Activity: Print, exactly as they appear in the listing below, the lines from the line with "Used 2022 Jeep" to the line with "Building Photo - Charming 3-Bedroom Home", with both end lines kept.
--- Records for this task ---
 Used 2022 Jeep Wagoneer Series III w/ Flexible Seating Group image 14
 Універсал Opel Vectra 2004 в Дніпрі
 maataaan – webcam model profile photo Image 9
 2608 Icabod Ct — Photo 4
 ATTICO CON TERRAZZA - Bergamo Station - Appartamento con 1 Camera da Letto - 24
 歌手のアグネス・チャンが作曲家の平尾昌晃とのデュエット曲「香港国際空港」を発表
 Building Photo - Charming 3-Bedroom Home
---
--- Records for this task ---
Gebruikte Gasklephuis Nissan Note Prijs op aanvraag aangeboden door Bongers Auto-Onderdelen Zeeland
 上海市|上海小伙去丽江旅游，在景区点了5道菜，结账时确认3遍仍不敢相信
---
--- Records for this task ---
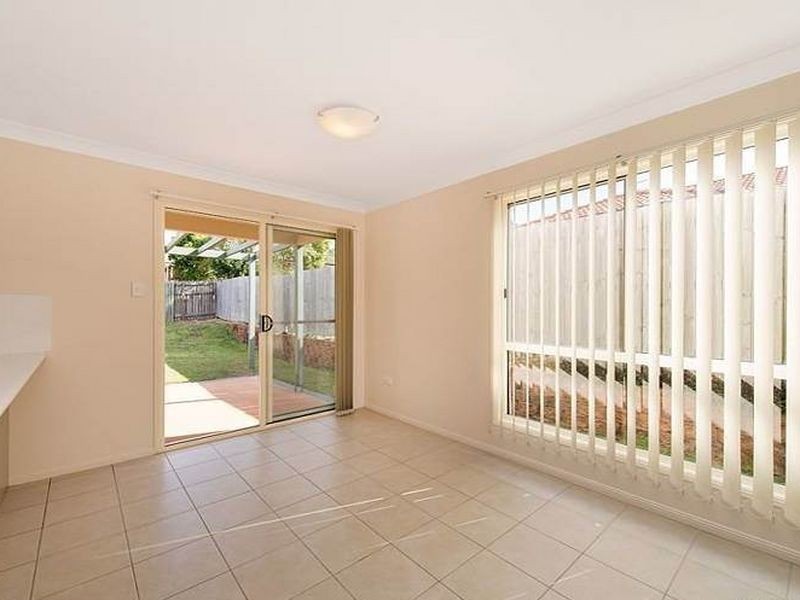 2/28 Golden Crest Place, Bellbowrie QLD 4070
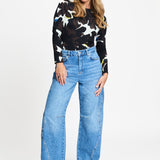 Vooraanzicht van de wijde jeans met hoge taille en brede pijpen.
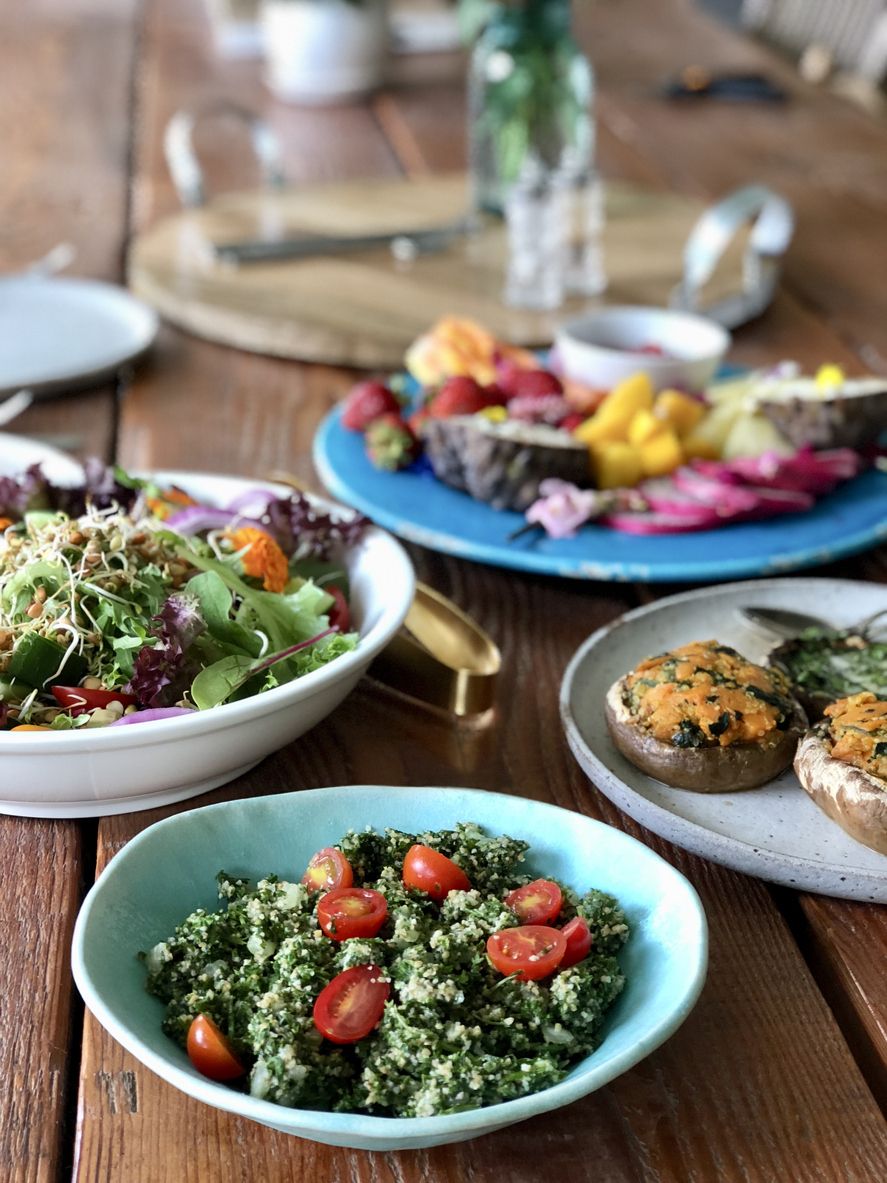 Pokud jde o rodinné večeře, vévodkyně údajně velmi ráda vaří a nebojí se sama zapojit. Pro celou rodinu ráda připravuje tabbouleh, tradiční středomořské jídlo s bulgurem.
---
Answer to this task:
 Used 2022 Jeep Wagoneer Series III w/ Flexible Seating Group image 14
 Універсал Opel Vectra 2004 в Дніпрі
 maataaan – webcam model profile photo Image 9
 2608 Icabod Ct — Photo 4
 ATTICO CON TERRAZZA - Bergamo Station - Appartamento con 1 Camera da Letto - 24
 歌手のアグネス・チャンが作曲家の平尾昌晃とのデュエット曲「香港国際空港」を発表
 Building Photo - Charming 3-Bedroom Home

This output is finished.